The law became a favourite profession for people whose views
were so wildly Leftwing that they could never win an election,
but who wanted political power anyway.
It was a clever move. At least until the Blair victory in
1997, elite liberal lawyers and judges, radical Home Office
civil servants progressive’ prison governors and Left-wing
police chiefs were the most powerful radicals in the country.
Piece by piece, they took control of the law so that it
defied common sense and instead served their crackpot,
guilt-driven ideas of social justice.
Martin had to be punished severely because he had tried to
impose the old conservative law, which has now been abolished.
Anyone who was thinking of doing the same thing had to be warned
that on this, at least, the law would come down hard.

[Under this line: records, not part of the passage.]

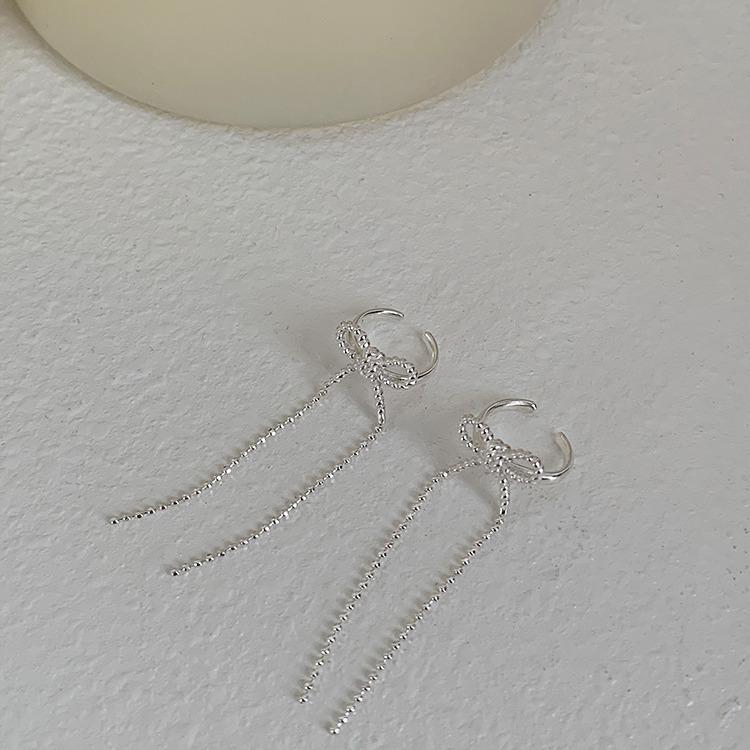 925 Silver Bow Tassel Clip Earrings for Women Light Luxury Fine Jewelry Minimalist Elegant Accessories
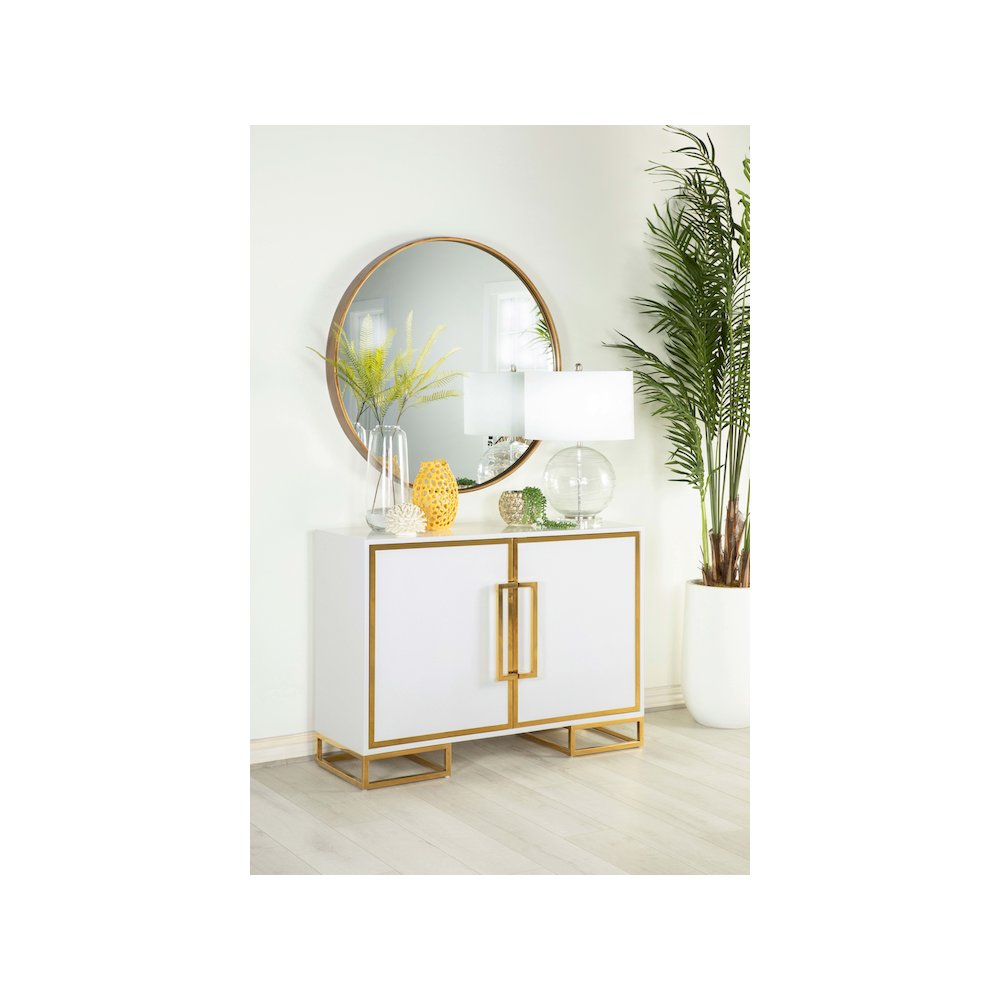 Elsa 2-door Wood Storage Accent Cabinet White and Gold. Picture 12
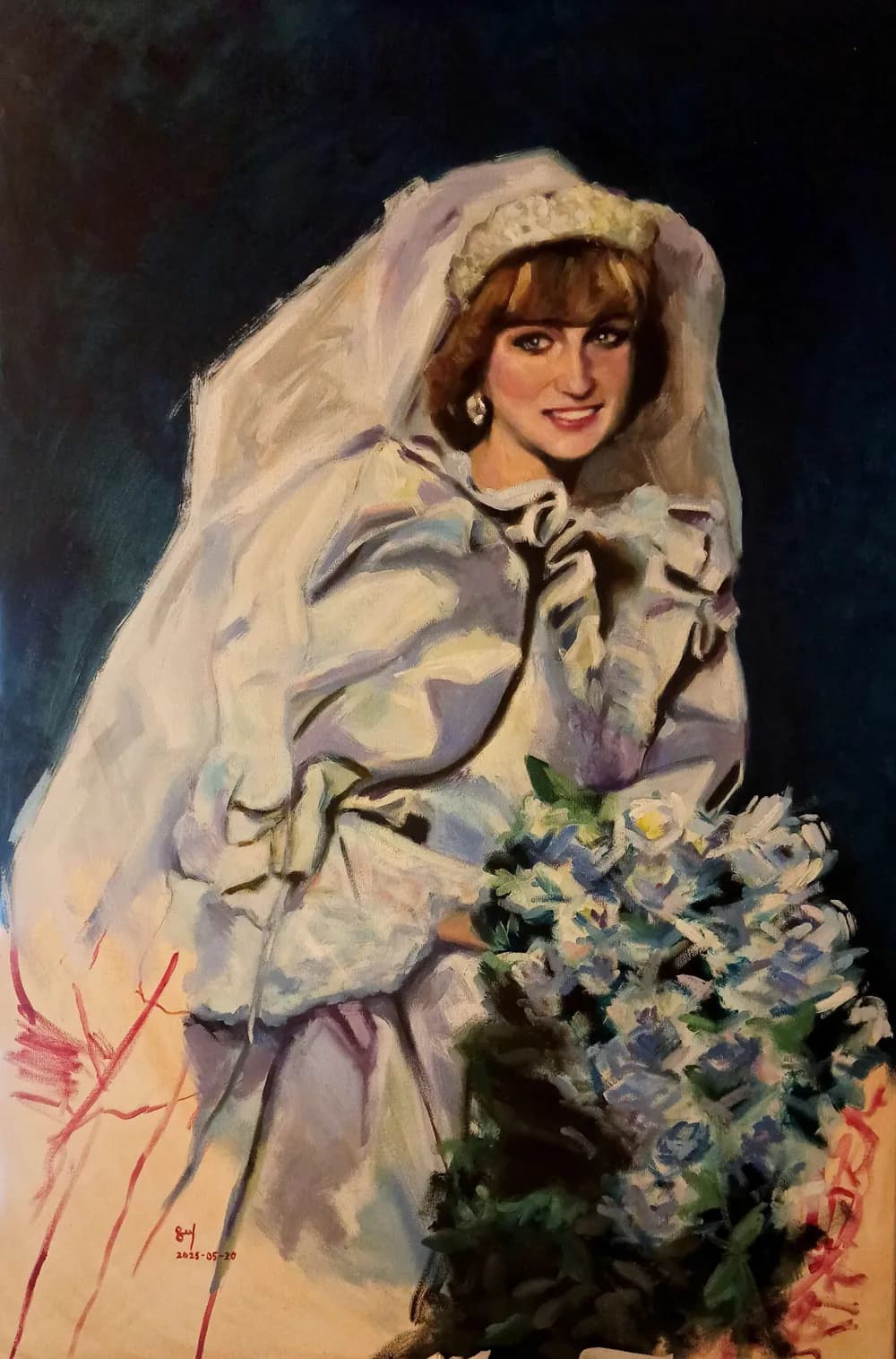 The Last Rose – oil painting of a bride in a white veil and gown holding a bouquet, FADA UK 2025 Gol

There was something very symbolic about the way Martin, once
convicted, was then seen being led away handcuffed to a female
guard, about as politically correct a message as you could send.
Was it perhaps deliberate?
And it was only when he claimed to have been sexually abused
as a child, the standard liberal excuse for all kinds of
misdeeds, that his conviction was reduced from murder to
manslaughter.
Interestingly, police officers who shoot suspects rashly or
by mistake tend to get let off. It wasn’t because he had killed
someone that Martin was being punished, but because he had
challenged the new liberal monopoly of force.
All that would be bad enough.
But what makes it unbearable, and what brought it to boiling
point for Martin, is that the police have vanished at the same
time.
As police have been withdrawn from foot patrol, police
houses and stations in the countryside have been shut down in
great numbers.
The combination of weak law and absent constables has hit
isolated country dwellers first.
They know that if they call for help, none will come in
time, whereas the rest of us just suspect that this is so. Rural
people and those who rob them have realised as the rest of the
country is just beginning to do that we are now halfway back to
the Dark Ages.
The ridiculous temporary police station now sitting next to
Martin’s farm does nothing to overcome this since it will sooner
or later have to be dismantled, and then where will Martin be?
And it is because Martin is a rather batty and
quick-tempered eccentric that he has been the first property
holder to discover the real nature of the new law. A more
normal, reasonable person would have submitted, or moved away,
or simply got rid of any valuable property so he had nothing to
steal.
Many of us already adapt and change our lives in this
defeatist way. Lots of police forces will give you a printed
label to say that there is nothing valuable in your car, for
instance.
But as we make these little surrenders, we know in our
hearts that we are running away from a foe we really ought to
confront, and leaving our children a legacy of lawlessness and
chaos.
It may be wise to give in, but it is also shameful. And that
is why so many of us are pleased when we see someone fighting
back, however foolish it may be for him to do so.